ASSIGNMENT: From the listing below, please restate exactly the lines beginning at the one with "PA license plate LBP5757" and ending at the one with "Leaflet: Founding Invitation", both included, and skip the pictures.

RECORDS FOR THE EXERCISE:
---

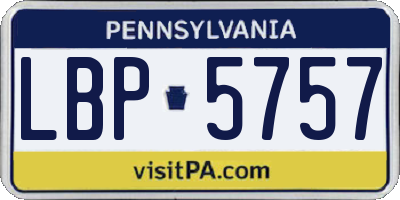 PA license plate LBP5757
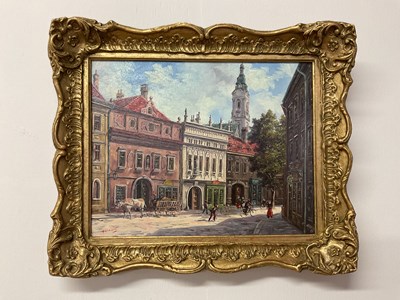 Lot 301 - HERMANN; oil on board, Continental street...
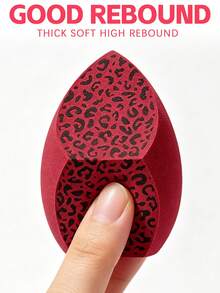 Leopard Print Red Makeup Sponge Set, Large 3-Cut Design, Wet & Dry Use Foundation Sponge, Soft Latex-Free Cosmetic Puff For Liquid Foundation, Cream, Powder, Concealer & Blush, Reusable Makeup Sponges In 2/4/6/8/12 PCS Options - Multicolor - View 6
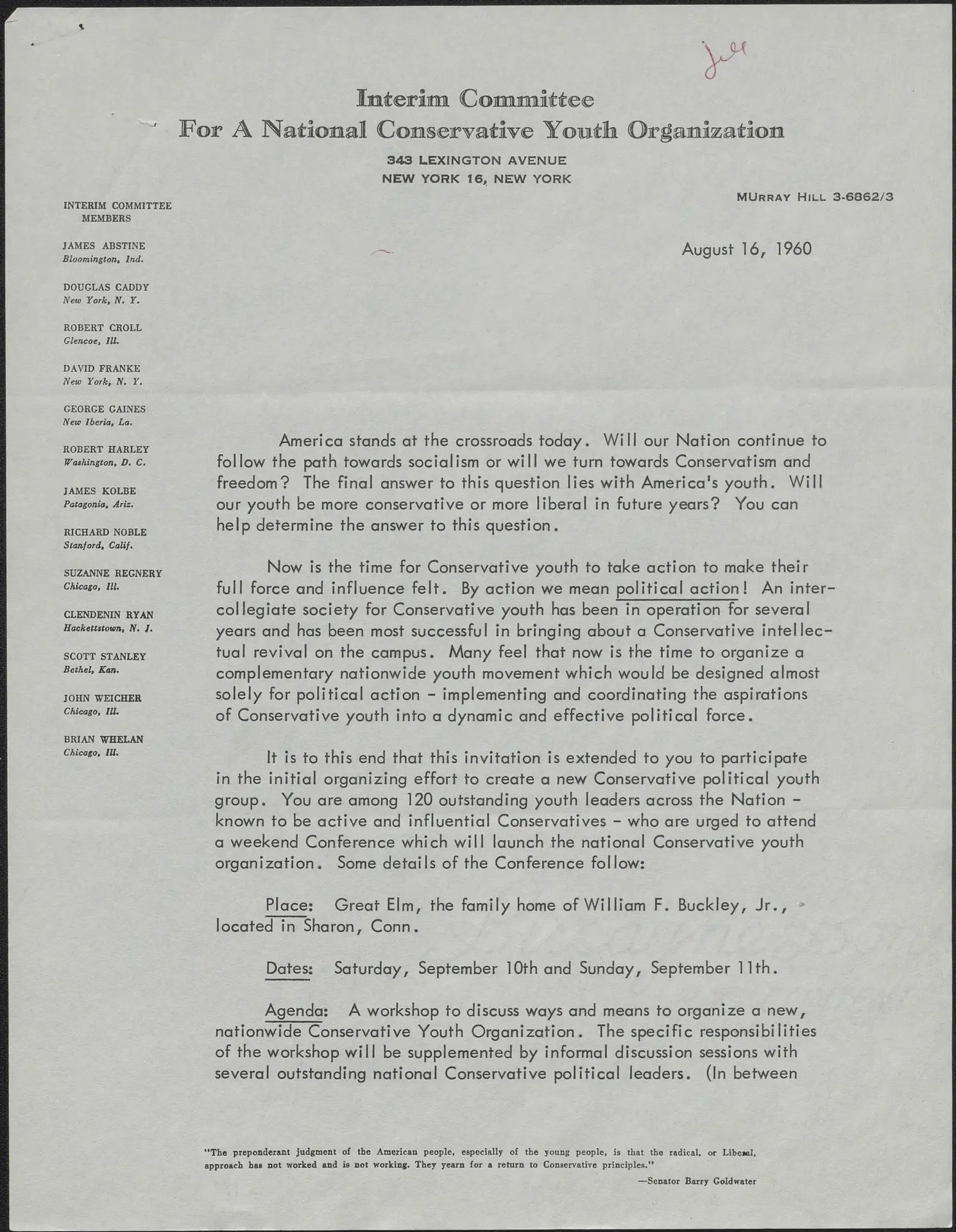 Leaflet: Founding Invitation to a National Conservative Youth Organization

---

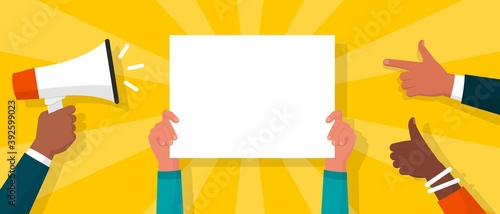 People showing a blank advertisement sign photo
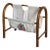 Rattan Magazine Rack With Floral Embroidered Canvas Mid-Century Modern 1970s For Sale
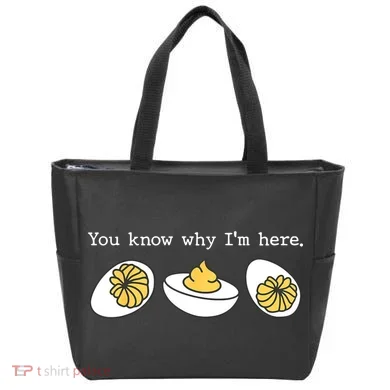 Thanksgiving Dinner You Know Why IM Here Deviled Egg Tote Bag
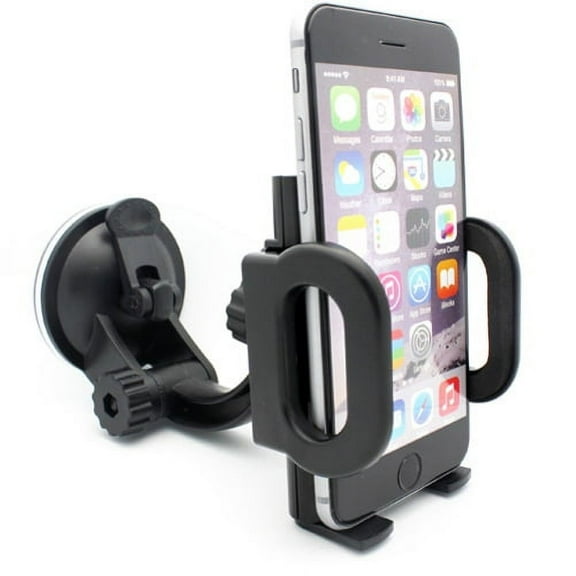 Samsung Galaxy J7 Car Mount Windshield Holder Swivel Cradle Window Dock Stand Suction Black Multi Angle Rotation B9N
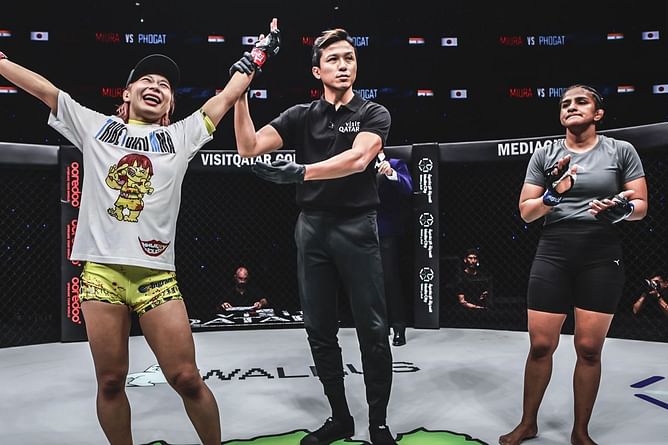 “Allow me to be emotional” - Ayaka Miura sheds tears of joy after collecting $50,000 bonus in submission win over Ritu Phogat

---

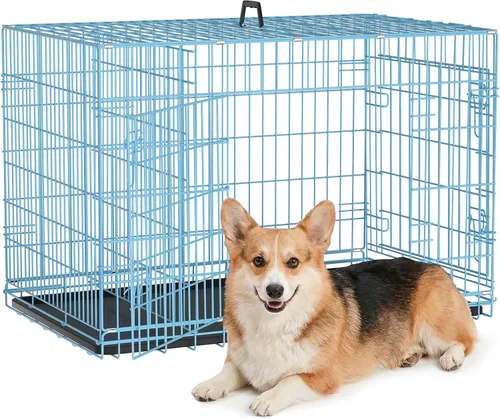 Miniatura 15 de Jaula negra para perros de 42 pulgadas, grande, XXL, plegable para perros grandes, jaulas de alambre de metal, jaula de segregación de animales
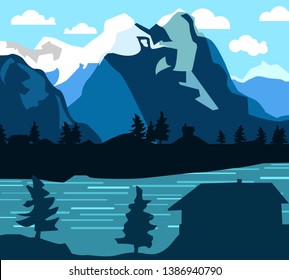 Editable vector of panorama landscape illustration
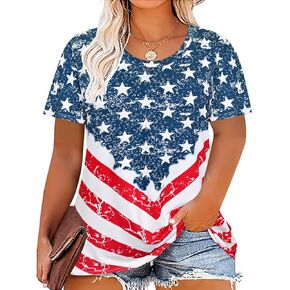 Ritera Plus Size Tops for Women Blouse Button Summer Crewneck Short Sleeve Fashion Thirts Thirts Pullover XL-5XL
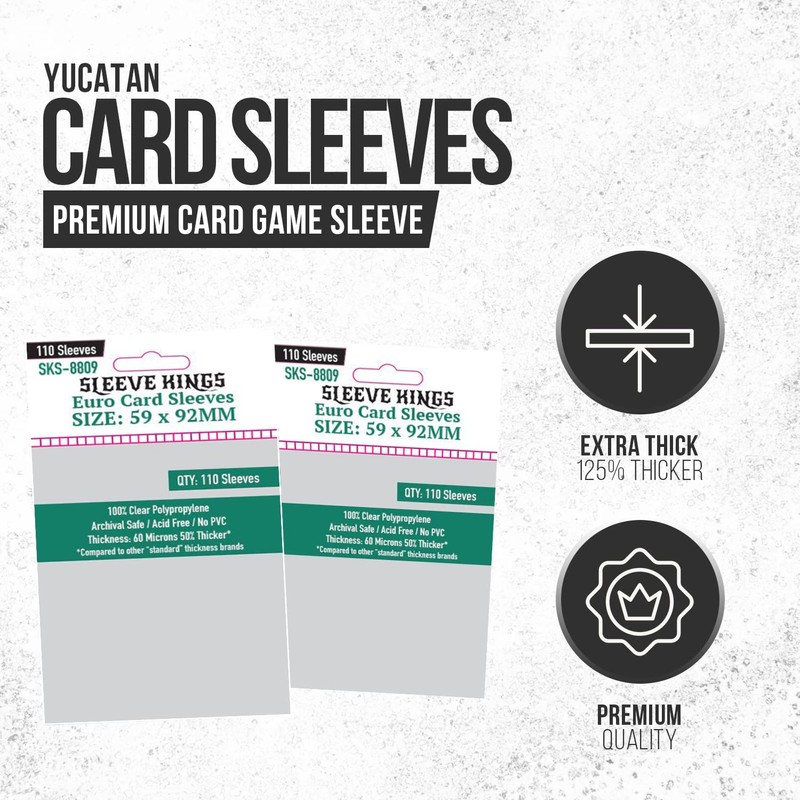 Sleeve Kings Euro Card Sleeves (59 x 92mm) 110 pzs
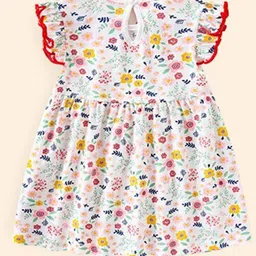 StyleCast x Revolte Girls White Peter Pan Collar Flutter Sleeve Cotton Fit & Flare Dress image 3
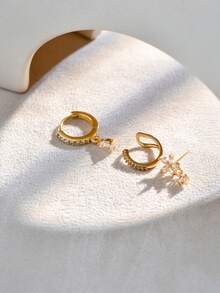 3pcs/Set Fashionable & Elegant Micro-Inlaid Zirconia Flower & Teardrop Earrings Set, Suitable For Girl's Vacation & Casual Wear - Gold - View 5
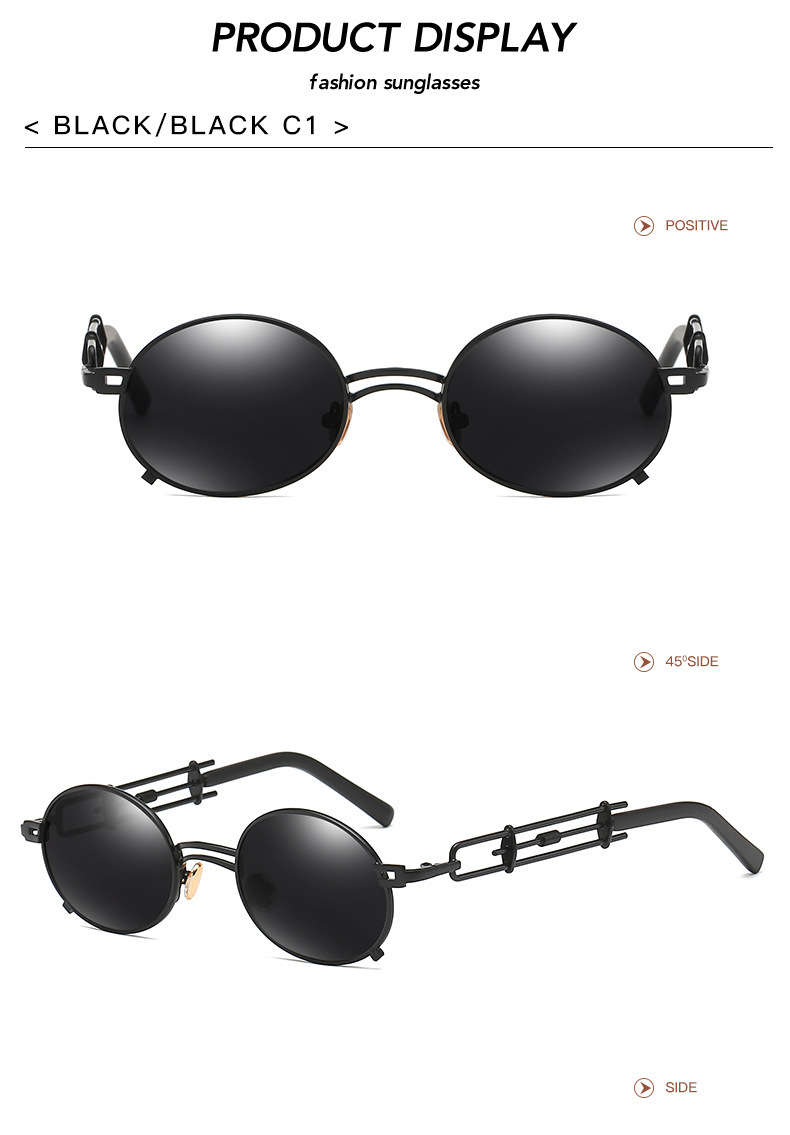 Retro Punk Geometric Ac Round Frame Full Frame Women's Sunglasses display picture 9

---

RESPONSE:
 PA license plate LBP5757
 Lot 301 - HERMANN; oil on board, Continental street...
 Leopard Print Red Makeup Sponge Set, Large 3-Cut Design, Wet & Dry Use Foundation Sponge, Soft Latex-Free Cosmetic Puff For Liquid Foundation, Cream, Powder, Concealer & Blush, Reusable Makeup Sponges In 2/4/6/8/12 PCS Options - Multicolor - View 6
 Leaflet: Founding Invitation to a National Conservative Youth Organization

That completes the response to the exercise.